Design,Synthesis And Activity Study Of Antitumoral Drug

Malignant tumor has been endangering people's health. According to statistic of WHO, the number of people, who were dead because of malignant tumor, reaches 69 million in 5 billion people of the world every year, even is increasing year after year. So every country is attaching importance to tumor studying and anti-tumor drugs at all times, and anti-tumor drugs have taken out great progress. In order to design pharmic value of compounds, we select different metal atoms and several kinds of organic ligand to synthesize some compounds in the dissertation, characterized by element analysis, IR, 51V NMR and X-ray. The biological effects were systematically investigated. Also anti-tumor mechanism was studied by flow cytometry. The main results indicated:1. Na₄Co(H₂O)₆V₁₀O₂₈·18H₂O (CoV₁₀) is synthesized, and characterized by IR spectra and X-ray. CoV₁₀ show higher antitumor activity in vitro and in vivo. Acute toxicity test results show that CoV₁₀, whose LD50 is 60.93 mg·kg^-1 is a medium toxic material. In addition, using flow cytometry analysis, CoV₁₀ has brought change of cell cycle and cell apoptotic. The investigation on the interaction of CoV₁₀ with DNA suggests that CoV₁₀ may have ability to specifically action with DNA.2. Cyclopentanedione vanadium-oxygen compound (CPD-VO) is synthesized, and characterized. Absorption peaks of V=O and characteristic peaks of correlation group can be seen in IR spectrum.
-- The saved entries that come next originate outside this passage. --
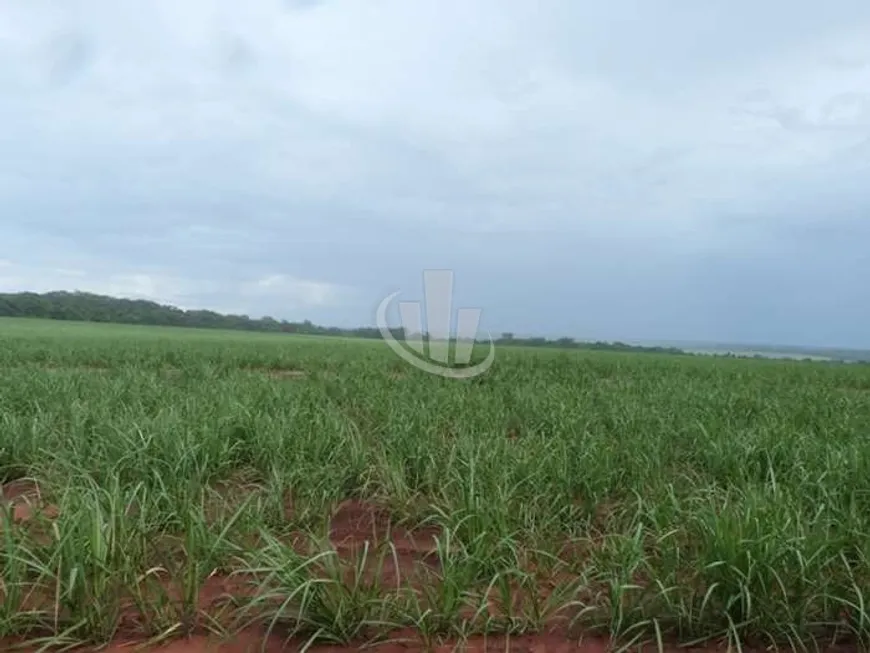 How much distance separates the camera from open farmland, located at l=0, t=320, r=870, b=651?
6.99 ft

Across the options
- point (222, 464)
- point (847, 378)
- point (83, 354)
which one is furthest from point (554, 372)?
point (83, 354)

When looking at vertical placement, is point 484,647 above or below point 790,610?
below

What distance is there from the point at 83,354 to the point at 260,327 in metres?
45.2

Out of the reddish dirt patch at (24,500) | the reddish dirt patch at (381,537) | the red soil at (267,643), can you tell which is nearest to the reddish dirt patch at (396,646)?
the red soil at (267,643)

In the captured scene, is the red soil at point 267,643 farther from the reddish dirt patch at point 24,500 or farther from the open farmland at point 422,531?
the reddish dirt patch at point 24,500

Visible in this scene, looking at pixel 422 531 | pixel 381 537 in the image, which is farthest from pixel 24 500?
pixel 422 531

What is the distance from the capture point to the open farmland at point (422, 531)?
2.13 metres

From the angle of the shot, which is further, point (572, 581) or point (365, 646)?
point (572, 581)

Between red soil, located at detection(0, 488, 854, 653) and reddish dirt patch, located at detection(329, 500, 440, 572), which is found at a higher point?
reddish dirt patch, located at detection(329, 500, 440, 572)

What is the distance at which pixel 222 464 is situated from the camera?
Result: 3.63 m

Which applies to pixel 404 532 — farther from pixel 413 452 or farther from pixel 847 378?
pixel 847 378

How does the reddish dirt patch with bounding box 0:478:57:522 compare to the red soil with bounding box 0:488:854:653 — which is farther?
the reddish dirt patch with bounding box 0:478:57:522

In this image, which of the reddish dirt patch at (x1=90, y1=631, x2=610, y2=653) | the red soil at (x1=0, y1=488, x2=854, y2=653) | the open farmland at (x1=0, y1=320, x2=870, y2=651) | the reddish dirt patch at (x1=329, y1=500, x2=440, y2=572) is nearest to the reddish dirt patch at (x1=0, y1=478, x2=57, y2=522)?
the open farmland at (x1=0, y1=320, x2=870, y2=651)

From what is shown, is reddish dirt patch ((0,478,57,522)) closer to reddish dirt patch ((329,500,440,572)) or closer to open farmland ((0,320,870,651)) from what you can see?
open farmland ((0,320,870,651)) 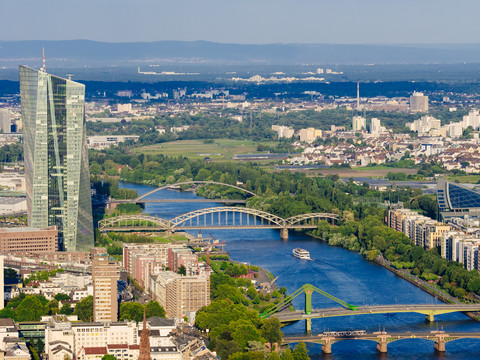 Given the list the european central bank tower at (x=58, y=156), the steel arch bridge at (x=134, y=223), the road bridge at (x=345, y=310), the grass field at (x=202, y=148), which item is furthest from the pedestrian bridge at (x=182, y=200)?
the road bridge at (x=345, y=310)

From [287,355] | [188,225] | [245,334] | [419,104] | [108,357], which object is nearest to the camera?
[108,357]

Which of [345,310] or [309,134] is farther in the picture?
[309,134]

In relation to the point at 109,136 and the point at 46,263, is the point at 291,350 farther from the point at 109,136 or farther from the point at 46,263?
the point at 109,136

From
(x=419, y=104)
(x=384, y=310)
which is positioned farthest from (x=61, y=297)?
(x=419, y=104)

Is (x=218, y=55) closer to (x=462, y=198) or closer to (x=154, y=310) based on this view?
(x=462, y=198)

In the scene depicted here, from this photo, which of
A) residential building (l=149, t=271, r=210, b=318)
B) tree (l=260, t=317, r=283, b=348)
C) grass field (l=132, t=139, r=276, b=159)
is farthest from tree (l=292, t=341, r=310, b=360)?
grass field (l=132, t=139, r=276, b=159)

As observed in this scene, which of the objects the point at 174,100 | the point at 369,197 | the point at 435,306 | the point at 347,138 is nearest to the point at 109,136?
the point at 347,138

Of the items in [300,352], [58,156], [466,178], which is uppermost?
[58,156] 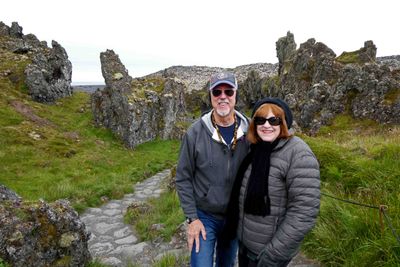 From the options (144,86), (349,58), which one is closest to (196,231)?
(144,86)

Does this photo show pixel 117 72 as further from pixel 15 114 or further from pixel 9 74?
pixel 9 74

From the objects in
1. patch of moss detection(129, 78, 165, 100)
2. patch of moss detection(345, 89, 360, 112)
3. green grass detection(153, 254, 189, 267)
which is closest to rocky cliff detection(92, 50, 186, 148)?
patch of moss detection(129, 78, 165, 100)

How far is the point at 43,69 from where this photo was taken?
34.2 m

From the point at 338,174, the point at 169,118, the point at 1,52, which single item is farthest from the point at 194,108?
the point at 338,174

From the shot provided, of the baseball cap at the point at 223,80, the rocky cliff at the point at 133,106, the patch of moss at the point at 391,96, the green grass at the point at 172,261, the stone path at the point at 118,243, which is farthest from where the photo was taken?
the rocky cliff at the point at 133,106

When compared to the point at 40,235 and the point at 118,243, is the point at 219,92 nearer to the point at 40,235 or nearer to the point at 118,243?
the point at 40,235

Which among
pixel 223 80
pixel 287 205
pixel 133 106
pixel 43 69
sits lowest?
pixel 133 106

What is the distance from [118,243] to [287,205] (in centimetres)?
702

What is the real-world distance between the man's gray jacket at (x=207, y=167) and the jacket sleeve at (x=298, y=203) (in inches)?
44.5

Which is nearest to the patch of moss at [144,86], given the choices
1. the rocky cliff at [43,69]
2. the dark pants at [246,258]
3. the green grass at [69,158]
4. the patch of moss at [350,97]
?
the green grass at [69,158]

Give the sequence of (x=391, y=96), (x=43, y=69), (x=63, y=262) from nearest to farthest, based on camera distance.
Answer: (x=63, y=262), (x=391, y=96), (x=43, y=69)

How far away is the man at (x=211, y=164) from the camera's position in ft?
16.0

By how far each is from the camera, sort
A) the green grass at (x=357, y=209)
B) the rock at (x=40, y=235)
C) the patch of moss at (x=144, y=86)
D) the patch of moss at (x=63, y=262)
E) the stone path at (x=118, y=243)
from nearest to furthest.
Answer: the green grass at (x=357, y=209) < the rock at (x=40, y=235) < the patch of moss at (x=63, y=262) < the stone path at (x=118, y=243) < the patch of moss at (x=144, y=86)

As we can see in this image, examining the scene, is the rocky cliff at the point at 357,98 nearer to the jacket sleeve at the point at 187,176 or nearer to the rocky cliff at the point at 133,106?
the rocky cliff at the point at 133,106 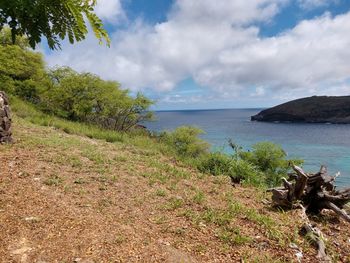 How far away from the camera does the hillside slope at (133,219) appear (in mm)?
3320

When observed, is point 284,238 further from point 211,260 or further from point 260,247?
point 211,260

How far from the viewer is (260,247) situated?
3.70 m

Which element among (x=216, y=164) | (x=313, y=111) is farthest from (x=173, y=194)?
(x=313, y=111)

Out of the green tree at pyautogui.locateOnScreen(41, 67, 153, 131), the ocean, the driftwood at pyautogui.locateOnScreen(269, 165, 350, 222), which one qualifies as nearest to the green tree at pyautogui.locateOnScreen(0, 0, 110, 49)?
the driftwood at pyautogui.locateOnScreen(269, 165, 350, 222)

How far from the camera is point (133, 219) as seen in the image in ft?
13.7

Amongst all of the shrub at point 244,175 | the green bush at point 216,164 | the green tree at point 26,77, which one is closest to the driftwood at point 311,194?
the shrub at point 244,175

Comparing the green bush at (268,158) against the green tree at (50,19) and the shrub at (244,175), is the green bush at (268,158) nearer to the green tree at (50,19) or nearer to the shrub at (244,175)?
the shrub at (244,175)

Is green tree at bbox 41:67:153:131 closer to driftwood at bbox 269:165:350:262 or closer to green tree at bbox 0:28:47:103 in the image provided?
green tree at bbox 0:28:47:103

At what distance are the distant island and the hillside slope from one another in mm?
94421

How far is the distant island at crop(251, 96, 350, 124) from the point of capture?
90000mm

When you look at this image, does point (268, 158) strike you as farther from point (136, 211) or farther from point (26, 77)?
point (26, 77)

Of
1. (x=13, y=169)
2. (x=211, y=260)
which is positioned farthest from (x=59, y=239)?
(x=13, y=169)

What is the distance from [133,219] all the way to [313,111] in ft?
346

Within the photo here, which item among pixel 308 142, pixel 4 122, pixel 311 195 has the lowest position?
pixel 308 142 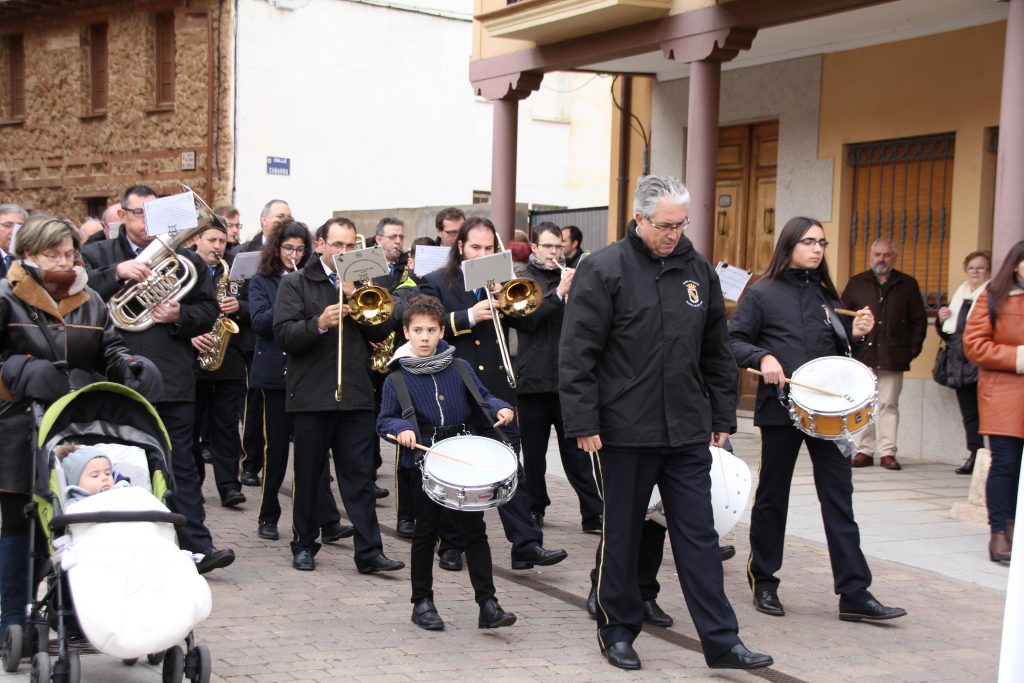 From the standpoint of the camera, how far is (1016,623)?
467 cm

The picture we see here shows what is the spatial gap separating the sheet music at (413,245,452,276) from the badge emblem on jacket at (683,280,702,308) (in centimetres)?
323

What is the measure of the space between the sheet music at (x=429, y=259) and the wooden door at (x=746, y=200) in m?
6.17

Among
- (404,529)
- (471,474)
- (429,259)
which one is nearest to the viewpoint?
A: (471,474)

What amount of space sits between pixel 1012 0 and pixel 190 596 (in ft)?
24.6

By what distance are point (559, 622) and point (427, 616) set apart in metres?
0.69

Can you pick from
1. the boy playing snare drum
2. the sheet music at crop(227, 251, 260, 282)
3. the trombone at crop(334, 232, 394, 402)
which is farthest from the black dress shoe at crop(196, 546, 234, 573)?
the sheet music at crop(227, 251, 260, 282)

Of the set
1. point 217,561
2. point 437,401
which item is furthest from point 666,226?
point 217,561

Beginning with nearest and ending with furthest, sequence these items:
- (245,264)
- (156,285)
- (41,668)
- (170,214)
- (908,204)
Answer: (41,668), (170,214), (156,285), (245,264), (908,204)

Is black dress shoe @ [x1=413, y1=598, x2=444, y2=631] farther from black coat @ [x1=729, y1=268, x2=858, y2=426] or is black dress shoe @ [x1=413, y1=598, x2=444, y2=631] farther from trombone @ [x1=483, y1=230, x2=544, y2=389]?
black coat @ [x1=729, y1=268, x2=858, y2=426]

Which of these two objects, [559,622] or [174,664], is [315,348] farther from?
[174,664]

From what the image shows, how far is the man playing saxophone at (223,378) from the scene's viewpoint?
9727 millimetres

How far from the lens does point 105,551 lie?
4965mm

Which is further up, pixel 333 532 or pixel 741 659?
pixel 741 659

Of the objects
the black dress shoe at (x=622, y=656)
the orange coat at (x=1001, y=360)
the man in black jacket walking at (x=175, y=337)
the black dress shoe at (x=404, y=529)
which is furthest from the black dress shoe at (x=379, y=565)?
the orange coat at (x=1001, y=360)
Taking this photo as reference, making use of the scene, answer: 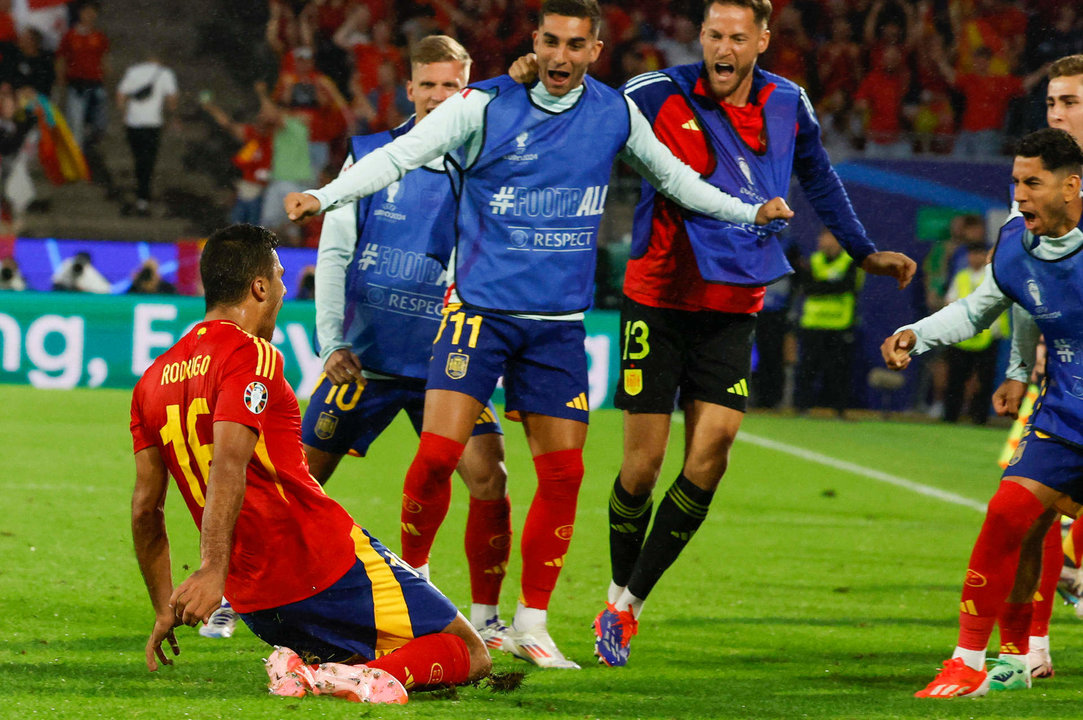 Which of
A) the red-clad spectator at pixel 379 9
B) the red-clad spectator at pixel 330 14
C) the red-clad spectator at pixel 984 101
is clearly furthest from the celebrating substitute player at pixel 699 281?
the red-clad spectator at pixel 379 9

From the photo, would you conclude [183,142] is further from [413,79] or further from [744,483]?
[413,79]

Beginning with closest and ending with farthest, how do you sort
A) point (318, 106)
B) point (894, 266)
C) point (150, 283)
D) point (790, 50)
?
point (894, 266) < point (150, 283) < point (318, 106) < point (790, 50)

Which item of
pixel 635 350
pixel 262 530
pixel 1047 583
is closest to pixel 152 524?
pixel 262 530

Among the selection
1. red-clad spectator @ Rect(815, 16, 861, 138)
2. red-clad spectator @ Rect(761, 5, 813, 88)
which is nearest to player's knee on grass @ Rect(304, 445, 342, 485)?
red-clad spectator @ Rect(815, 16, 861, 138)

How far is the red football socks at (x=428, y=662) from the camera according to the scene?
373cm

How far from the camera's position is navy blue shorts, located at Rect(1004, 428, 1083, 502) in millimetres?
4367

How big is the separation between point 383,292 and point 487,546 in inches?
42.2

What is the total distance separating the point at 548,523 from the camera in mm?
4754

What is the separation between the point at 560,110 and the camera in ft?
15.4

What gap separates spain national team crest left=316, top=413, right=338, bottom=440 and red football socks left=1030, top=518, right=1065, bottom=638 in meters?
2.58

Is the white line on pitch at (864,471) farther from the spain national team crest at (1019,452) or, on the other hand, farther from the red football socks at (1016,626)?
the spain national team crest at (1019,452)

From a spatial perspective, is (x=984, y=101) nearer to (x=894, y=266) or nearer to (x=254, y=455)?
(x=894, y=266)

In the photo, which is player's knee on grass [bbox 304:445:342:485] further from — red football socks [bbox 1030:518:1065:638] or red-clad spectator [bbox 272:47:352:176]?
red-clad spectator [bbox 272:47:352:176]

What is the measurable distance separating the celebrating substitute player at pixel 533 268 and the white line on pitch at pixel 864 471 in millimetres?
5258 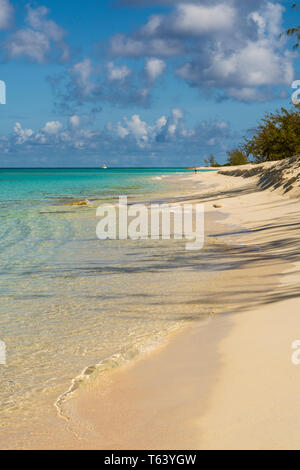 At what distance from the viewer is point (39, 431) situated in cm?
298

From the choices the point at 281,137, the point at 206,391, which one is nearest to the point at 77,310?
the point at 206,391

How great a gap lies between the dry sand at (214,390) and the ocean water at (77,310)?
31cm

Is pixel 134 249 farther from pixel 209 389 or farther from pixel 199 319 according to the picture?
pixel 209 389

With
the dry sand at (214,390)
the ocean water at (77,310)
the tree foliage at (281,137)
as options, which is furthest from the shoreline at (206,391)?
the tree foliage at (281,137)

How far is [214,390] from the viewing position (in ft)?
10.9

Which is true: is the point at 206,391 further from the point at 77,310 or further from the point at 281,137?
the point at 281,137

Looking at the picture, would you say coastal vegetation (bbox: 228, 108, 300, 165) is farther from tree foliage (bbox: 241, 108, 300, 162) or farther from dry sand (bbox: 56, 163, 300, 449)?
dry sand (bbox: 56, 163, 300, 449)

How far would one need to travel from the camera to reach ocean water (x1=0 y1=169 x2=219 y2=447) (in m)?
3.70

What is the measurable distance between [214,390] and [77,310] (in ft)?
9.15

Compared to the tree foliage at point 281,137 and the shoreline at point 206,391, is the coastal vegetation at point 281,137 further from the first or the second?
the shoreline at point 206,391

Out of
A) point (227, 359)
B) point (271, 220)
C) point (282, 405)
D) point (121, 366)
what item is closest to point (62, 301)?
point (121, 366)

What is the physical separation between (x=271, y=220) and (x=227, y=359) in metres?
9.61

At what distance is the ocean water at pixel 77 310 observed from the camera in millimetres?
3699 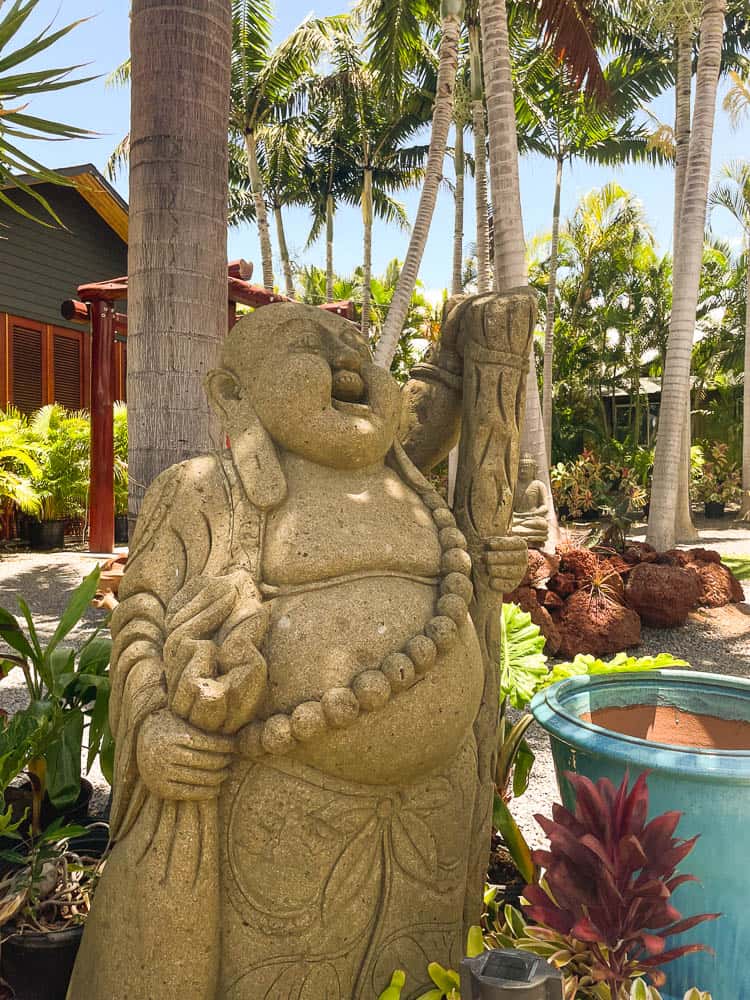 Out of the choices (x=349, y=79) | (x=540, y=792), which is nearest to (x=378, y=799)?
(x=540, y=792)

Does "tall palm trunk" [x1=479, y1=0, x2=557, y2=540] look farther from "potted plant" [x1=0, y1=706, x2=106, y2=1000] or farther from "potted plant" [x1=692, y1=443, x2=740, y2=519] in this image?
"potted plant" [x1=692, y1=443, x2=740, y2=519]

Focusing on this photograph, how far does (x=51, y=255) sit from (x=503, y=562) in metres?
12.2

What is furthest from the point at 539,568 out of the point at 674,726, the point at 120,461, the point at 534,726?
the point at 120,461

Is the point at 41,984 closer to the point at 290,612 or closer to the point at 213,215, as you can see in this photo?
the point at 290,612

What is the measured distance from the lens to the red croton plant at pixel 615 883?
1.58 metres

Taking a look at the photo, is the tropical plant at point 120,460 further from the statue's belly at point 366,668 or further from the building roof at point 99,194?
the statue's belly at point 366,668

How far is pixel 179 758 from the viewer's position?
1524mm

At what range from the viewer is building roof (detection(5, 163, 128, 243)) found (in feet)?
37.7

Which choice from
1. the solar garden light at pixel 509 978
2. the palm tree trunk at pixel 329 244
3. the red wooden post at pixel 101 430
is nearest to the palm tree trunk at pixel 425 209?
the red wooden post at pixel 101 430

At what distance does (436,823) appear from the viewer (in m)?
1.80

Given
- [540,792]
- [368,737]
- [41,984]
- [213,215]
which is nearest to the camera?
[368,737]

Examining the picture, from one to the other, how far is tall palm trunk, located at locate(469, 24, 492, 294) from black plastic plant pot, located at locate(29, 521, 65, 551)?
7.25 metres

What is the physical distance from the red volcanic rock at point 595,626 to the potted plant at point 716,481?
13803 mm

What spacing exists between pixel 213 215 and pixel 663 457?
6136 millimetres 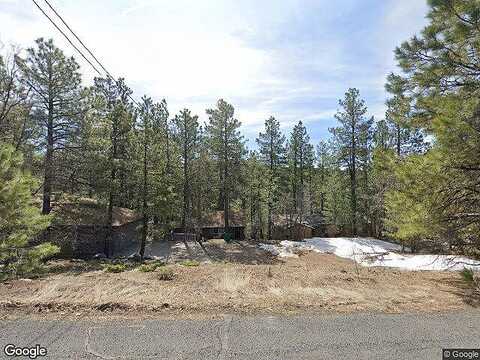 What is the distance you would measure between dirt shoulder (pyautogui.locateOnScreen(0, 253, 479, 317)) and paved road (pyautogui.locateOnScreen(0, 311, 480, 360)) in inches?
20.9

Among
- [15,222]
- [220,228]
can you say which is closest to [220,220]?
[220,228]

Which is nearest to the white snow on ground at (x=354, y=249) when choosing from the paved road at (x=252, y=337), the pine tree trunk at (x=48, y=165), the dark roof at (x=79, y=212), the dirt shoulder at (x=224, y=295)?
the dark roof at (x=79, y=212)

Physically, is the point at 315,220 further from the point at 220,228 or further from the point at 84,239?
the point at 84,239

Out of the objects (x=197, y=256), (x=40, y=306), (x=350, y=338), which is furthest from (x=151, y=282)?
(x=197, y=256)

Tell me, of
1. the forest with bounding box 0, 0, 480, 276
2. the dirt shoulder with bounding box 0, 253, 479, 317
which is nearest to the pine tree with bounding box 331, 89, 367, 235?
the forest with bounding box 0, 0, 480, 276

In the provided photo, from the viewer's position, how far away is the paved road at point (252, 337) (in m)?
4.39

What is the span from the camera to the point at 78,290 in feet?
22.6

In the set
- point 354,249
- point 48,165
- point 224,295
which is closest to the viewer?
point 224,295

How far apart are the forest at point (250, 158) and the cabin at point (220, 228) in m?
1.31

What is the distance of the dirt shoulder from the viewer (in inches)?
234

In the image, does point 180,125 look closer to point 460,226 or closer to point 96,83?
point 96,83

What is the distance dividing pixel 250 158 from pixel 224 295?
31.4 m

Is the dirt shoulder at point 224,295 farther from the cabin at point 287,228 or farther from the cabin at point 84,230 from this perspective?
the cabin at point 287,228

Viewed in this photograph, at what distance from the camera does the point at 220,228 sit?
123ft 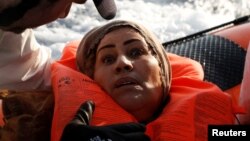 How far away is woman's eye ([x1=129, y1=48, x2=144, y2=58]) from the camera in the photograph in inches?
60.1

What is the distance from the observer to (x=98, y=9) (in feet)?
2.38

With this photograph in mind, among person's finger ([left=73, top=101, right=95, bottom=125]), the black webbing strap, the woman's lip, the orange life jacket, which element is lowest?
the black webbing strap

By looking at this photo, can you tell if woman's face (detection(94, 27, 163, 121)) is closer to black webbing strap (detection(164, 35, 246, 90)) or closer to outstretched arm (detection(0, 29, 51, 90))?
outstretched arm (detection(0, 29, 51, 90))

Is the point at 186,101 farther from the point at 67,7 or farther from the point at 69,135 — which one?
the point at 67,7

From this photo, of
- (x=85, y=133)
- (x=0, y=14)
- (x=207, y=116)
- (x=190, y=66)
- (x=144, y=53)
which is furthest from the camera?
(x=190, y=66)

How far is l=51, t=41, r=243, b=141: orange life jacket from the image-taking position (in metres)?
1.33

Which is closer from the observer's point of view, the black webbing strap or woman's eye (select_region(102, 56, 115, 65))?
woman's eye (select_region(102, 56, 115, 65))

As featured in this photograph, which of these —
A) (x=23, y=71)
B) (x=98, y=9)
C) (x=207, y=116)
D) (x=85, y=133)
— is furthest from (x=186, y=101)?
(x=98, y=9)

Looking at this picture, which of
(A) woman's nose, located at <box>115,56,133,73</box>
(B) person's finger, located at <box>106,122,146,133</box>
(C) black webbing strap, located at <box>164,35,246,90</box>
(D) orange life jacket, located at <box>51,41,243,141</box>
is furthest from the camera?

The singlet is seen in 51V NMR. The valence of vanadium is determined. CPD-VO show higher antitumor activity in vitro and in vivo. Acute toxicity test results show that CPD-VO, whose LD50 is 179.92 mg·kg^-1 is a medium toxic material. In addition, using flow cytometry analysis, CPD-VO has brought change of cell cycle and cell apoptotic. The investigation on the interaction of CPD-VO with DNA suggests that CPD-VO may have ability to specifically action with DNA.3.β-diketone complexes are synthesized, and characterized by IR spectra and X-ray. Complexes show lower antitumor activity in vitro.